I started to see this TRX or sandbag type of training as being a useful tool and I saw how we can use it. I like looking at some of those things. I like looking at tri-planar movements that don’t fit like a rotational lunge.
There’s something to the stuff that Michol Dalcourt is doing with the Viper, with the big log-thing and shifting planes and rotational. There’s something there. That’s the sort of stuff I look at. My goal is that Results Fitness University will be – I think the best phrase to use is “We’re the UFC and MMA guys who will bring the best of everything together.” We’re going to test it in our battleground; that will be our filter. We’re going to bring it to trainers so Results Fitness University leads the front.
My secret, black belt ninja, Jedi tip is that everyone wants to learn. I choose only to learn from people who are lifelong learners. I know that Michael Boyle is studying and going to seminars, so Mike Boyle brings out something new. I’m not only getting Mike Boyle’s newest stuff, I’m getting everything Mike has read. It’s an exponential education.
I know you’re looking at stuff and you’re talking to trainers all over the world.

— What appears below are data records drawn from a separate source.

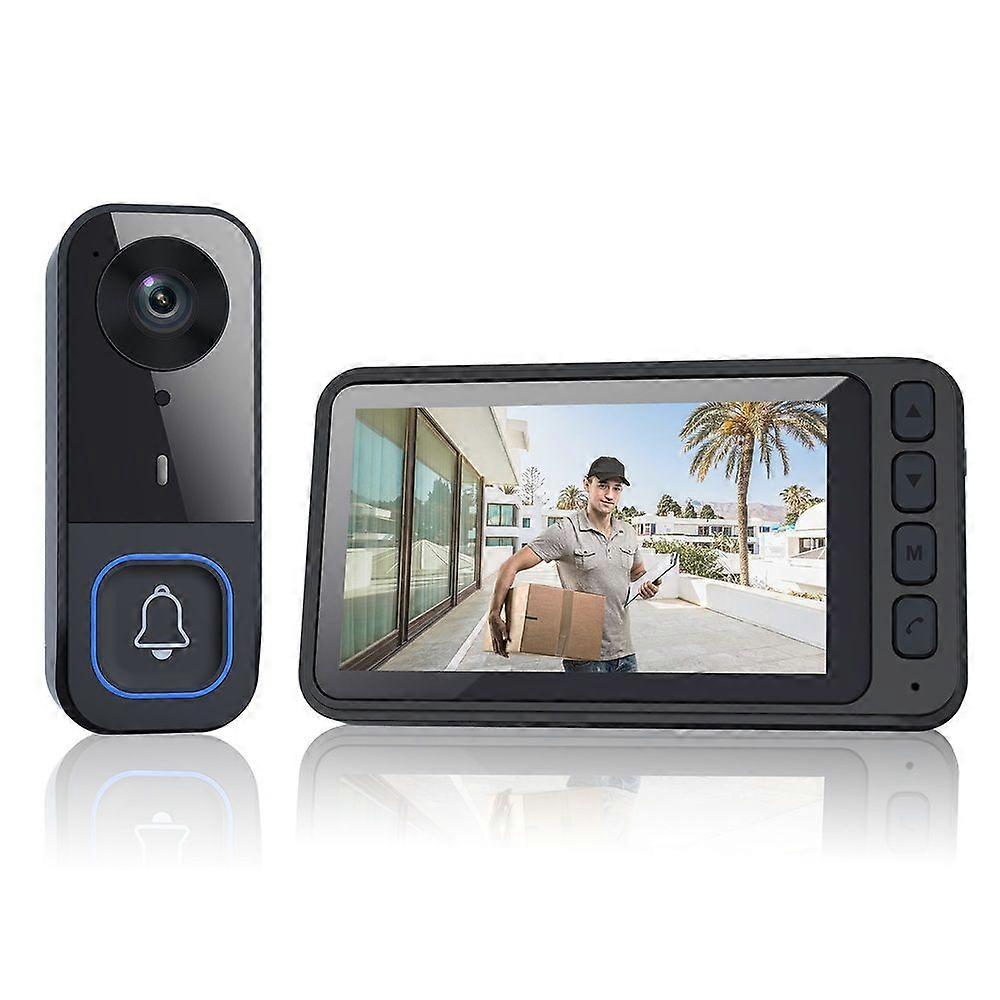 B01 Video Doorbell Intercom for Visitor Viewing with Two-Way Communication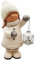 Wichtelstube-Kollektion XXL Deko Figur 40cm Winterkinder Mädchen Weihnachtsfigur Keramikfigur Weihnachten Gartenfigur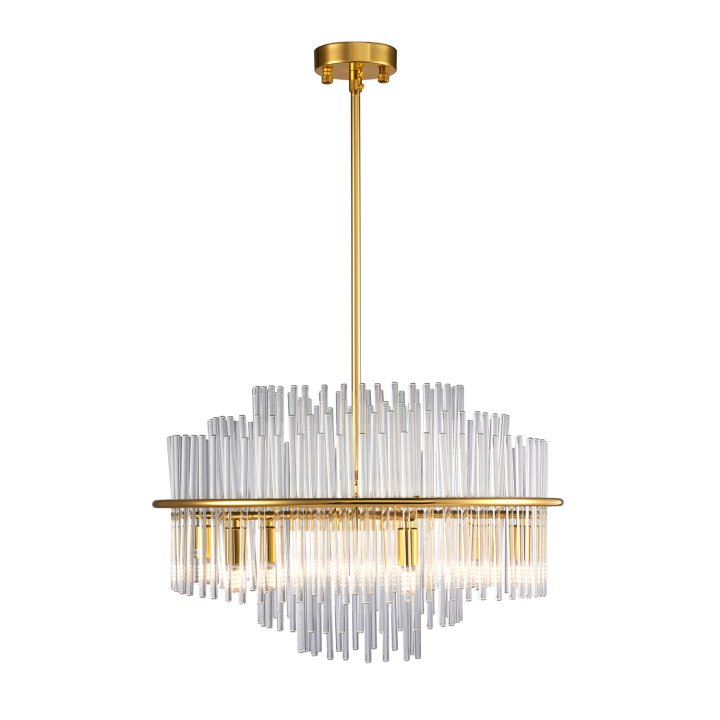Lampa wisząca LUXORIA złota 50*35 cm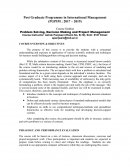 Post Graduate Programme in International Management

They’re applying things and telling you, so when you tell me something, I have the advantage of everyone that you’ve learned from in the last year, too.
One of my core values is to keep learning and keep leading. Constantly learn and always improve. I look for people that I know are doing that, and I only learn from them. That’s a little trick. Learn from people who are learning all the time. You get a little edge because of that. If you are learning from someone who’s still doing old stuff, you’ll learn. You can’t not learn, but those people aren’t growing, so you can only learn what they already know and can’t catch up. If you are learning from someone who is learning at the same rate as you, it’s exponential. That’s a little secret to do.
Craig: I really liked that when you said that to me last year at Bedros’s event, Fitness Business Summit. You mentioned exponential learning for the first time at breakfast. I thought that was great. I think it’s a great black belt tip for everyone listening, and a great way to end the call. Everyone is always happy to learn from you. Because you learn so much, you make exponential learning easy. Thank you, sir.
Alwyn: Cheers, brother. Thanks for having me.
Craig: Thank you, everyone, for being on the call.
We’ll be back next month with another great one. Fortunately it’s January, so we can say that next month’s call is also the best call of the year. Thanks, everyone. We’ll talk to you soon. Good-bye.